Dynamique des populations

6.  LES VOIES PRIVILÉGIÉES DE DÉPLACEMENT

Les acridiens ne volent jamais sur un front homogène pour passer d'une zone écologique à une autre zone plus propice. Les locustes, en phase grégaire comme en phase solitaire et les sauteriaux, en forte densité ou à l'état isolé, volent fréquemment sur des itinéraires particuliers, appelés voies privilégiées de déplacement.

Lorsqu'ils sont bien identifiés, ces itinéraires correspondent au sol à des formations orographiques liées au relief, hydrographiques ou végétales particulières et, à l'altitude de vol des ailés, à un écoulement de l'air unidirectionnel.

Les voies orographiques sont observées en général le long de dénivellations importantes.
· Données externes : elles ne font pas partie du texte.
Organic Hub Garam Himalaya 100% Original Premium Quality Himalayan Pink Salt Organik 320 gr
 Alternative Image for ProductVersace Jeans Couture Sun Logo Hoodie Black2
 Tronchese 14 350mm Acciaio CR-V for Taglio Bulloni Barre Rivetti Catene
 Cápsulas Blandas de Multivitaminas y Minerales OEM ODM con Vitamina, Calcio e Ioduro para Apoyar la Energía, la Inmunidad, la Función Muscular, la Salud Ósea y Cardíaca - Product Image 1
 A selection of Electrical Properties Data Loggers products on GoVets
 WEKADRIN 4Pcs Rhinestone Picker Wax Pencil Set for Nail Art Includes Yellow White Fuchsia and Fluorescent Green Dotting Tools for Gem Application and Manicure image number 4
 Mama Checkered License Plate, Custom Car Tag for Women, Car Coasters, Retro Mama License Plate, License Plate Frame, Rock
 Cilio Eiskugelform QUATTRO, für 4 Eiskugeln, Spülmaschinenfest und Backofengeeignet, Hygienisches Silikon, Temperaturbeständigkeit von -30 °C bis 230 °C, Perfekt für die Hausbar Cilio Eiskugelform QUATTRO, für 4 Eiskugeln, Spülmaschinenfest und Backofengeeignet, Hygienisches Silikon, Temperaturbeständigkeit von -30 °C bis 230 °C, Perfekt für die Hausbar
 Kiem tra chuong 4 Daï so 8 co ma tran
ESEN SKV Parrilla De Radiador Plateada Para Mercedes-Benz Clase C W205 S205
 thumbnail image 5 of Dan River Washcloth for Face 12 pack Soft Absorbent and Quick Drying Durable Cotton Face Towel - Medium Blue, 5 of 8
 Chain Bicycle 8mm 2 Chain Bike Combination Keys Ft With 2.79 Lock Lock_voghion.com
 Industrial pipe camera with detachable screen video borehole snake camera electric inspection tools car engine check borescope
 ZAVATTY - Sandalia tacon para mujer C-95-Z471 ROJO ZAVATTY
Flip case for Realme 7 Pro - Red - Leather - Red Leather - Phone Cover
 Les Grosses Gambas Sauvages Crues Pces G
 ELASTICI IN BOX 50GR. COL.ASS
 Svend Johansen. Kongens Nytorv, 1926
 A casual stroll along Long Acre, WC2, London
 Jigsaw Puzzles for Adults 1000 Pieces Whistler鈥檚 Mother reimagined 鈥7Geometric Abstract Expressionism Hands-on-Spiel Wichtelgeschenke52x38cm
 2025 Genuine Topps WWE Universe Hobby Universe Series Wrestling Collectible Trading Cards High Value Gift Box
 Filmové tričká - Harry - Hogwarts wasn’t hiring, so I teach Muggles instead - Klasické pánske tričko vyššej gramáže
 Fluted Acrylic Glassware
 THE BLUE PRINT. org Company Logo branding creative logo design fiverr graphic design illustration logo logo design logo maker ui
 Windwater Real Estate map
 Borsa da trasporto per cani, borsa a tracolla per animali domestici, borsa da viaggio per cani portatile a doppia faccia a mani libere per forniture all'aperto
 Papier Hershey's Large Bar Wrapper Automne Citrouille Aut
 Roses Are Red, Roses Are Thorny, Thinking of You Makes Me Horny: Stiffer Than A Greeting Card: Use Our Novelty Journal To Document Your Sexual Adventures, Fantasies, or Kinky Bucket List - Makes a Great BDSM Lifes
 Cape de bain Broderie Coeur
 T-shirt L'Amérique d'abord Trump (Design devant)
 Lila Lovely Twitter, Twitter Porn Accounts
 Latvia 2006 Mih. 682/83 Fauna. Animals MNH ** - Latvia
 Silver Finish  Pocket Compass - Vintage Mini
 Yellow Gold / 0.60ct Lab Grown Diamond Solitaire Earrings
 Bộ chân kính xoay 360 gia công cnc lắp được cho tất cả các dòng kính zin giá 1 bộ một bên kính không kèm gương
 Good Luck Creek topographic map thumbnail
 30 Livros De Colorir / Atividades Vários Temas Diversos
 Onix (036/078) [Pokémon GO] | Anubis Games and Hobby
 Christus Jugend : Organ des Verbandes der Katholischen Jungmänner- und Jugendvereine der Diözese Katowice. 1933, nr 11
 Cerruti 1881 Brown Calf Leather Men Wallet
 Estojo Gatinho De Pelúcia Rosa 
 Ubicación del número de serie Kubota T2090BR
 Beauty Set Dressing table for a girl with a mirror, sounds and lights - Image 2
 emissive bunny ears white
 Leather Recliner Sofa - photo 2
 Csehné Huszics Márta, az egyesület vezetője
Des alignements de vallées parallèles séparées par des crêtes élevées, des fronts de falaise, des bordures de massifs montagneux, forment des couloirs de drainage.

Les voies hydrographiques sont formées par les vallées des cours d'eau temporaires (oueds) ou permanents (rivières, fleuves). On a pu constater que beaucoup d'acridiens suivent par exemple la vallée du Nil dans leurs déplacements saisonniers, là où le relief du sol devient trop faible pour agir sur l'écoulement de l'air.

En absence d'autres éléments directionnels, les axes de défrichement maximum de végétation sont préférentiellement empruntés par les ailés du Criquet migrateur Locusta migratoria capito dans le Sud-Ouest malgache. Ces voies facilitent le transport des ailés de l'intérieur des terres vers la côte en début de saison des pluies et en sens inverse à l'entrée de la saison sèche. Les différentes voies forment un réseau complexe avec des interconnections appelées carrefours, lieux où les criquets peuvent prendre des directions finales très différentes en fonction de légers écarts de direction des vents. Les voies de déplacement sont séparées les unes des autres par des zones de moindre passage où se trouvent des obstacles : massifs montagneux, grandes étendues d'eau, forêts denses.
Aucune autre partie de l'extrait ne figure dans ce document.